=== About this exercise ===
Please transcribe exactly, and only, the lines of the data below between the line holding "Une chambre moderne" and the line holding "ZaharaBennet has blonde", inclusive.

═══ Information given

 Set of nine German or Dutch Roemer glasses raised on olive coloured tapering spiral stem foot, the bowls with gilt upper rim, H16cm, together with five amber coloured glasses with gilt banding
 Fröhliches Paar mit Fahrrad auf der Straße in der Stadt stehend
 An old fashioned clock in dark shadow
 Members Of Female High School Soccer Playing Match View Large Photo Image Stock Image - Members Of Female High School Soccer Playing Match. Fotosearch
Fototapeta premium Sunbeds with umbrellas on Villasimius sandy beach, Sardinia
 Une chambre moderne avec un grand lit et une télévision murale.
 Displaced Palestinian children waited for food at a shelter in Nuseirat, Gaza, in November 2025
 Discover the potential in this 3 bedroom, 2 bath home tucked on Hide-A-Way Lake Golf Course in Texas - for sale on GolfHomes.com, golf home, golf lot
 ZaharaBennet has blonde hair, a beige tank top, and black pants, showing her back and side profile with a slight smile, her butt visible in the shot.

══════
═══ Information given

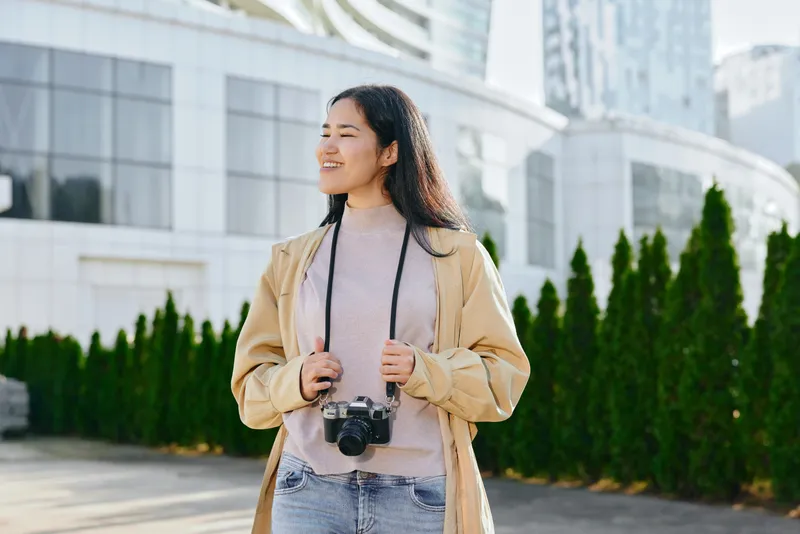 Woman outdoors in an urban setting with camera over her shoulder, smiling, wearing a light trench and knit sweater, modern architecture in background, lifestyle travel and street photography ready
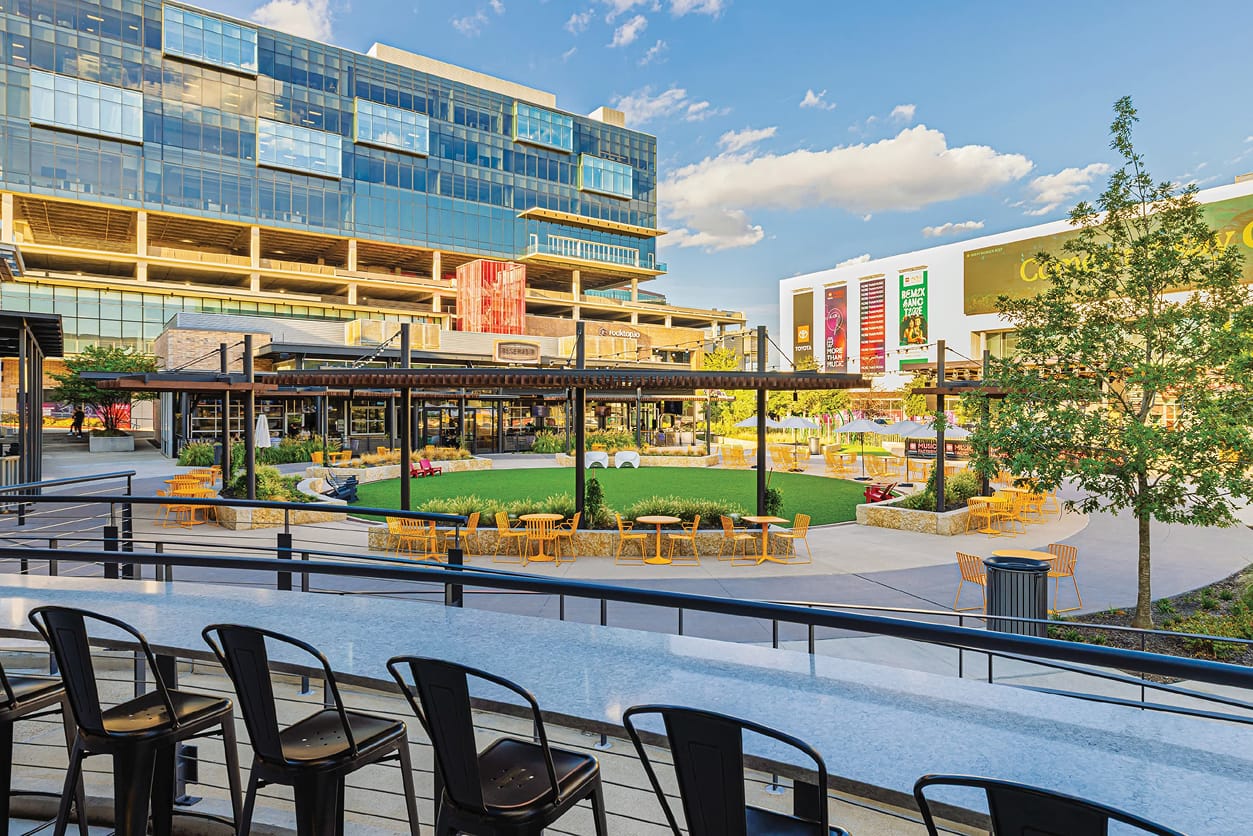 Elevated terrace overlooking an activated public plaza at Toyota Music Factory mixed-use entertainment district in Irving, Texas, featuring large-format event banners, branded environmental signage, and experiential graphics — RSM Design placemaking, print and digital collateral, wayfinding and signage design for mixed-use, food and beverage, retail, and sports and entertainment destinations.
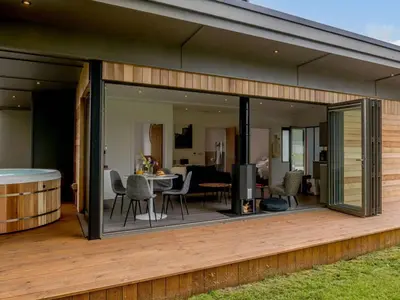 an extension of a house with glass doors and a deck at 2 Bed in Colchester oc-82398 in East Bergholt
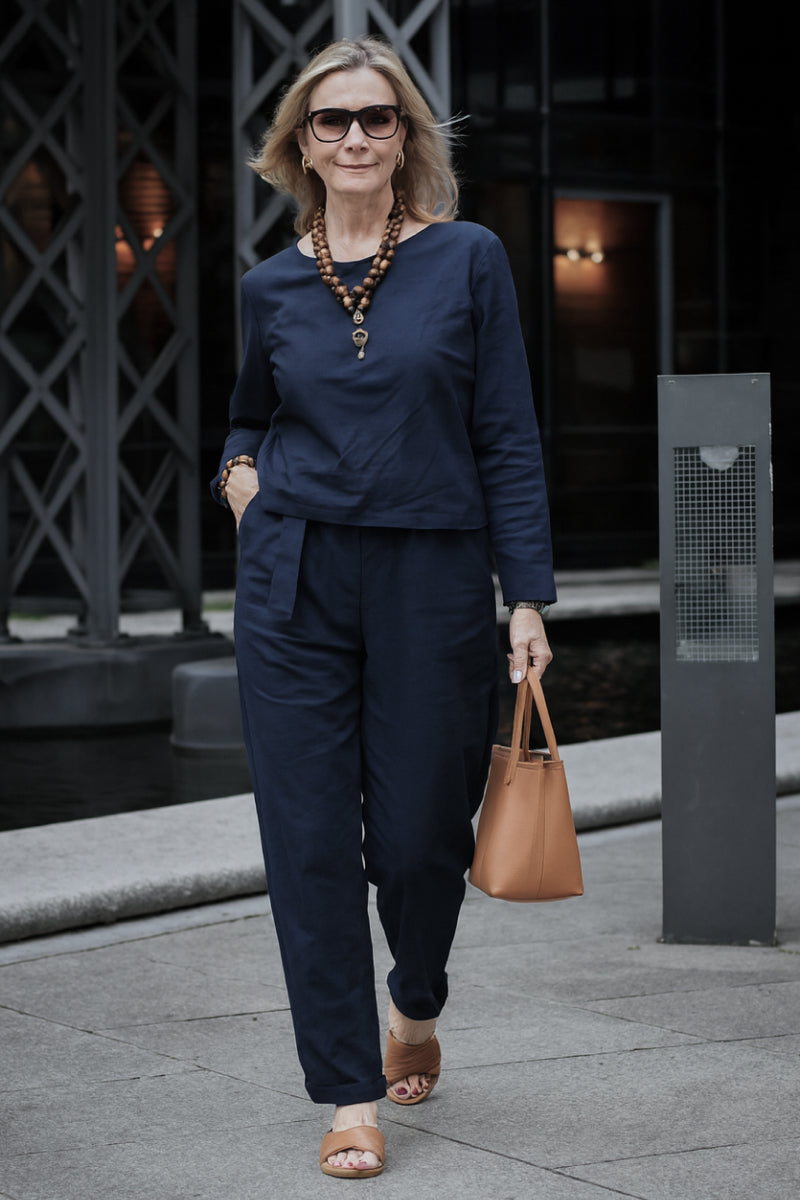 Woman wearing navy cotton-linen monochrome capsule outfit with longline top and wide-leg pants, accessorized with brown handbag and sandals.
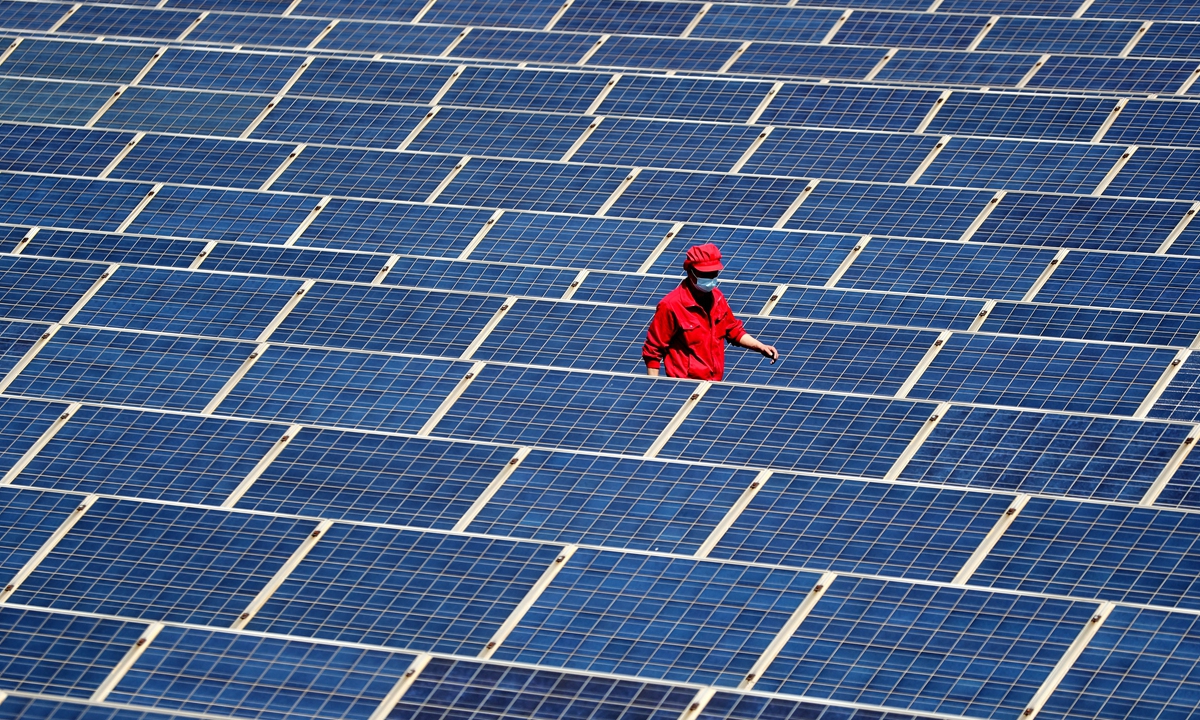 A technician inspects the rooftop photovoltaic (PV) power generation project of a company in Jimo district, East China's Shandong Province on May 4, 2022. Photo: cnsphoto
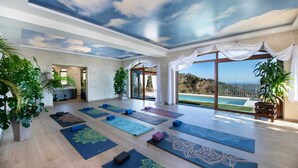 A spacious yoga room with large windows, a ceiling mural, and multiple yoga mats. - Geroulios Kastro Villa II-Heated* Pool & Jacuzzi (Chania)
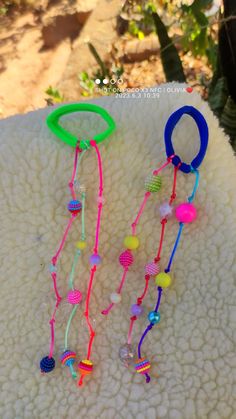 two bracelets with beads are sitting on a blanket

══════

=== Solution ===
 Une chambre moderne avec un grand lit et une télévision murale.
 Displaced Palestinian children waited for food at a shelter in Nuseirat, Gaza, in November 2025
 Discover the potential in this 3 bedroom, 2 bath home tucked on Hide-A-Way Lake Golf Course in Texas - for sale on GolfHomes.com, golf home, golf lot
 ZaharaBennet has blonde hair, a beige tank top, and black pants, showing her back and side profile with a slight smile, her butt visible in the shot.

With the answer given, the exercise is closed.